I was composing this post in my head on the way to a cross country ski trip yesterday morning. I had a topic in mind, but now I may have to save that for another time--the trip was eventful unto itself. I had planned to try out a new ski locale, Deer Grove Forest Preserve, northwestern Cook County, but wound up where I always do: Moraine Hills State Park near Island Lake, Ill. It was still snowing when I departed Chicago. By the time I arrived at Moraine Hills, it had begun to clear. I strapped on my new pair of skis and charged off from the Pike Marsh parking area. I thought I was Bjorn Dahle somewhere in Lapland. Snow conditions were great, and the skies were blue when I reached the three-mile mark. Here I began to feel extreme pain on both heels. It felt like a dull knife was sawing at my Achilles tendons. The perils of a fresh pair of boots can rear up for both hikers and skiers, apparently. I had to push on, though, as I was at least three miles from my car.

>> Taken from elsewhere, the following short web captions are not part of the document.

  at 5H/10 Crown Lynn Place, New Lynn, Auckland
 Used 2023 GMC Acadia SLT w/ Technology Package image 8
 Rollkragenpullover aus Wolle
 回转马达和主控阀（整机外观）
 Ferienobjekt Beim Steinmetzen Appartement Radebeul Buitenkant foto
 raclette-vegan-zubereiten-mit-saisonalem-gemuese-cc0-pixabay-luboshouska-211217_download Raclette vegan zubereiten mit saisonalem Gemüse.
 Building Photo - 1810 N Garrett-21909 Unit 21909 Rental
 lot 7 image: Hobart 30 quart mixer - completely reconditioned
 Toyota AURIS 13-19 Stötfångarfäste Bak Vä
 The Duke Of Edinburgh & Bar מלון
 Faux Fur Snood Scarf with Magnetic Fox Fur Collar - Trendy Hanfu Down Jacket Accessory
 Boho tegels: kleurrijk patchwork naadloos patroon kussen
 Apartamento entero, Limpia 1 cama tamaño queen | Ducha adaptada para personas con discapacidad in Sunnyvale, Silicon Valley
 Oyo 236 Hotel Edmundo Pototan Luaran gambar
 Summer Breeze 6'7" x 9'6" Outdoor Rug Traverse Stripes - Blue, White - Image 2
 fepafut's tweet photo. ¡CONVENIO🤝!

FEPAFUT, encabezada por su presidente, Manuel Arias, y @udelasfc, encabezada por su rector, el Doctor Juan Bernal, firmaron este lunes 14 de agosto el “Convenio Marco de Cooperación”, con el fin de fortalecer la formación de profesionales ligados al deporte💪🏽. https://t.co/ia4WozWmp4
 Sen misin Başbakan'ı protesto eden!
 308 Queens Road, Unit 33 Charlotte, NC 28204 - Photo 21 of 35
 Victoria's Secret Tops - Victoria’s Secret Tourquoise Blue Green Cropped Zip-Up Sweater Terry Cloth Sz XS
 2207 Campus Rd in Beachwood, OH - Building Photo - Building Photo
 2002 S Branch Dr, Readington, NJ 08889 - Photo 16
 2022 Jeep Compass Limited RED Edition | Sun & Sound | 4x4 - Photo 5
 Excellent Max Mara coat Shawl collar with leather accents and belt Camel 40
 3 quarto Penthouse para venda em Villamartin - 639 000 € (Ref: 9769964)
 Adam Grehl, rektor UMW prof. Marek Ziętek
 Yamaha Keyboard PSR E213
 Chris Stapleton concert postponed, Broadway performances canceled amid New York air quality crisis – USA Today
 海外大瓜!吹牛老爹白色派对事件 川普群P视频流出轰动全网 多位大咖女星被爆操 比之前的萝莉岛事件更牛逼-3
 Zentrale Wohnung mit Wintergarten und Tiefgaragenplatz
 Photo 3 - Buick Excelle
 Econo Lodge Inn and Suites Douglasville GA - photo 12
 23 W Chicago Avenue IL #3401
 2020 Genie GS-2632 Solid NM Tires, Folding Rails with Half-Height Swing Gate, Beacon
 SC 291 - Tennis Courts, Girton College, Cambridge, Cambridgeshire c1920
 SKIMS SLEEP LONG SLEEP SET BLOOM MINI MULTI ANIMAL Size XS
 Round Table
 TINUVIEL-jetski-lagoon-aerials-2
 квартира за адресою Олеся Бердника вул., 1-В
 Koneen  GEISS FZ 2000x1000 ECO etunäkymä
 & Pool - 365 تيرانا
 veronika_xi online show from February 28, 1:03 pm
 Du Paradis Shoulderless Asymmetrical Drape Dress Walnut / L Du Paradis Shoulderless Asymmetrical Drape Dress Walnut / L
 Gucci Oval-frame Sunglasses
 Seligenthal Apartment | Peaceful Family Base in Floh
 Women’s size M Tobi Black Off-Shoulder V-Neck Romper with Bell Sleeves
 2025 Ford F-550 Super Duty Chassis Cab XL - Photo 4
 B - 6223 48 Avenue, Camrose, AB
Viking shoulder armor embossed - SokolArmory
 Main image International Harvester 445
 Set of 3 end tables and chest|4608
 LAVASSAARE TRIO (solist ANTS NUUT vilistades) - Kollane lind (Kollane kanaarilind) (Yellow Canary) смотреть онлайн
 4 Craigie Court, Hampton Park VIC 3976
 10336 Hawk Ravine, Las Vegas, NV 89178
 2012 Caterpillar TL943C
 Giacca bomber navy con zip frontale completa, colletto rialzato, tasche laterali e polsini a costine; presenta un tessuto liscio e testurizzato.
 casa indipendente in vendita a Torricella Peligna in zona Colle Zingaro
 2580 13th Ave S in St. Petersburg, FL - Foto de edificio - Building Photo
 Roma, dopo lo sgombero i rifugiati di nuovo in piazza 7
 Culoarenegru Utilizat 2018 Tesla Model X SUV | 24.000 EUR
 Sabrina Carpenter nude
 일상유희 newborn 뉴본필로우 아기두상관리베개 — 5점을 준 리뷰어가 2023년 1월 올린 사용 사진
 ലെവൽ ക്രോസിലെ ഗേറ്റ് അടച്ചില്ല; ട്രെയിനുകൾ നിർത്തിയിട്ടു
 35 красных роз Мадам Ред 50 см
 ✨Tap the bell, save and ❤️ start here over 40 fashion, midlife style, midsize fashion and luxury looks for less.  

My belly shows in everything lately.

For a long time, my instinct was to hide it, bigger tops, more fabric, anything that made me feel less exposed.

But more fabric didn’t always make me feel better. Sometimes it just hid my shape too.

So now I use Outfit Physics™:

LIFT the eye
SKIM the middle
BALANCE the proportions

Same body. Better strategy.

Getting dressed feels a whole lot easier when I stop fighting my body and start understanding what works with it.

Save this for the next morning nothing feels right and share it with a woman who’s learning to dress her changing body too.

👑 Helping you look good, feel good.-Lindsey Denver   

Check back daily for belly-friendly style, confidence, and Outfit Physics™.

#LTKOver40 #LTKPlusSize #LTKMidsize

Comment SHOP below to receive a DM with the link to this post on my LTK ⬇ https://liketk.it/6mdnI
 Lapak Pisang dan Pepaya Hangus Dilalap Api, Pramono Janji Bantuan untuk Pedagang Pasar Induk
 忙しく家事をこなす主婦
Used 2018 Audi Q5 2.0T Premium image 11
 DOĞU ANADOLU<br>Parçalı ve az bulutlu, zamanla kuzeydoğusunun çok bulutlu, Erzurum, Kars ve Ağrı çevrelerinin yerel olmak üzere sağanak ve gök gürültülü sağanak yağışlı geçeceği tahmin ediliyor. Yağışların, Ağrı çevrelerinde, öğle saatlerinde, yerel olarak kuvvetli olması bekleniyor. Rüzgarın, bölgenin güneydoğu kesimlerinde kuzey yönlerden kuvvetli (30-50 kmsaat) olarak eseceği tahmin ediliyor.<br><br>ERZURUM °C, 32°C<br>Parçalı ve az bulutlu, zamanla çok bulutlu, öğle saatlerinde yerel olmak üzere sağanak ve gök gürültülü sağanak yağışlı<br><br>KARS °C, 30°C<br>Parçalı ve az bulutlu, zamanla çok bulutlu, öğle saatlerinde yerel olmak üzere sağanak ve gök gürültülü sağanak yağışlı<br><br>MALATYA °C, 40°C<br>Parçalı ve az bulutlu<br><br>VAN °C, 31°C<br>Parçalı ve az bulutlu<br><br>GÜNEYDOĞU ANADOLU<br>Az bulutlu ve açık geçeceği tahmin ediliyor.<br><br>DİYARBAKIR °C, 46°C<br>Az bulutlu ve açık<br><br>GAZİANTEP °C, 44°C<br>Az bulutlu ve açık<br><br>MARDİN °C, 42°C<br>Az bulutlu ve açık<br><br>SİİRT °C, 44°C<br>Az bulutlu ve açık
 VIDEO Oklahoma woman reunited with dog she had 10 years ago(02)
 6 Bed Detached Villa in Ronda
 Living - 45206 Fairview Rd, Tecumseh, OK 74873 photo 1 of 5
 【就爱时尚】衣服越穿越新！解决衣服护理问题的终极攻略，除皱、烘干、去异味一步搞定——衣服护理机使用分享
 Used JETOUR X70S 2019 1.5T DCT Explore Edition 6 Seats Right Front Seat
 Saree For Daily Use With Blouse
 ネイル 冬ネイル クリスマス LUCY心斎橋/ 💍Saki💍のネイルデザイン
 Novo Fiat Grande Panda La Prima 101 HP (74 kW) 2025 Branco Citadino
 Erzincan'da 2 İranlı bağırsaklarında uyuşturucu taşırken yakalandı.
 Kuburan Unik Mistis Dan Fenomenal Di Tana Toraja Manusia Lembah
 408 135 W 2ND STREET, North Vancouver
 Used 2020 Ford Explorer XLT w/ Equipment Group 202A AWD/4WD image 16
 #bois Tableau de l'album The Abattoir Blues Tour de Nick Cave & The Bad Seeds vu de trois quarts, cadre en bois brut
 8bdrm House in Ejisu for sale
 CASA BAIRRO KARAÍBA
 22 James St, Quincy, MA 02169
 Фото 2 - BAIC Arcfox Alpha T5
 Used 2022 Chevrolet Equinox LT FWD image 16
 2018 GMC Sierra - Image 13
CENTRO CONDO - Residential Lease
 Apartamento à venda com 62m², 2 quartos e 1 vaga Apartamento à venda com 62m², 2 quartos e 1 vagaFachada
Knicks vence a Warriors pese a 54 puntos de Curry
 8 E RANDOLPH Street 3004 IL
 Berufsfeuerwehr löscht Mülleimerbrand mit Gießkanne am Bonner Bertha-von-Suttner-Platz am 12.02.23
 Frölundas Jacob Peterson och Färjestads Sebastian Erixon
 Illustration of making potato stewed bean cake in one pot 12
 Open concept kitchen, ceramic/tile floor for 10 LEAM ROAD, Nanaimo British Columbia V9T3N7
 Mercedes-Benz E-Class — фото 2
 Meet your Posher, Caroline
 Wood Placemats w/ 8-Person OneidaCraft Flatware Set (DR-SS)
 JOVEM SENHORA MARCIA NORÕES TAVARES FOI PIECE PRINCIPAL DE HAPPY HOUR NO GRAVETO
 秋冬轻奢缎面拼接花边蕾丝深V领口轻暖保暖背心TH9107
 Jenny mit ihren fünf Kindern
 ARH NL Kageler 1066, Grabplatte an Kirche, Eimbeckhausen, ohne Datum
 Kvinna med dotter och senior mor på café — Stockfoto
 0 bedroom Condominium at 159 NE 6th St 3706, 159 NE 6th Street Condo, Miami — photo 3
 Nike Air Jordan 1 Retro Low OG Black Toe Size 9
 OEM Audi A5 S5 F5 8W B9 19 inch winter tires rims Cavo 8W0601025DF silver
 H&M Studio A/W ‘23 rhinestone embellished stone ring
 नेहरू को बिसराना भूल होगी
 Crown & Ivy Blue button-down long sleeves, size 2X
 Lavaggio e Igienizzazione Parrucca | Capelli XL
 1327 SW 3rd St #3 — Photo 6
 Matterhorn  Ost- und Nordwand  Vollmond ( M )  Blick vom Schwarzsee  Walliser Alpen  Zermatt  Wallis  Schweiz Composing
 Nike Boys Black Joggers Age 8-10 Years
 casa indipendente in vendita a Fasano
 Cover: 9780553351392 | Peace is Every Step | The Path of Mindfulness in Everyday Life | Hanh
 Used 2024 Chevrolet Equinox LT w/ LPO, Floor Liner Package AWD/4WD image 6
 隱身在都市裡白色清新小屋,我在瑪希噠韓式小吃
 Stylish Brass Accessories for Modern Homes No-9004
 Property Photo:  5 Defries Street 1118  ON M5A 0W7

I considered catching a ride from someone but decided to forge forth. Every stride required the Achilles incisions to continue. I tried to ski flat-footed which is as absurd as a giraffe on roller skates. My stamina was OK, but the pain in the heels persisted. I was picturing a pathetic airlift out of exurbia. I slowed my pace and took advantage of glides and long downhills. I was relieved when I got to the car after a total of more than seven miles.

The adventure wasn't over, though. On the way back from Moraine Hills, I took I-94 south toward Chicago. At the Lake-Cook toll plaza, my driver's side front tire went flat. I struggled to a gas station. There I borrowed a lug wrench from an employee, but it didn't fit properly. I finally called for roadside assistance. The tow truck driver broke his lug wrench in addressing the issue. Running out of options, he towed me to "the only place that I know is open nearby." Now, I broke down in Northbrook, which is located in a heavily commercial area of the north suburbs. The driver suggested we head 15 miles back north to Mundelein so the tire could be replaced. I decided to go along with it, but as soon as we got back on the expressway we passed a National Tire & Battery. I kept it to myself. We wound up in a low-slung industrial park. He directed me into a cramped waiting room. Inside there were two six packs of some sort of Bacardi malt liquor beverage and a six pack of Heineken. Someone walked in the door and cracked open a cold one. I sighted at least five men wandering around and one other would-be customer. The workers grumbled a few words in Russian to each other, and the tow truck driver went off somewhere else for a smoke and conversation. The tone of the setting was drug deal about to go bad. The driver eventually did unload the car, and the mechanic was friendly enough. And the bill was palatable. By the time I made it home, the blisters on my heels were just another detail of an eventful day.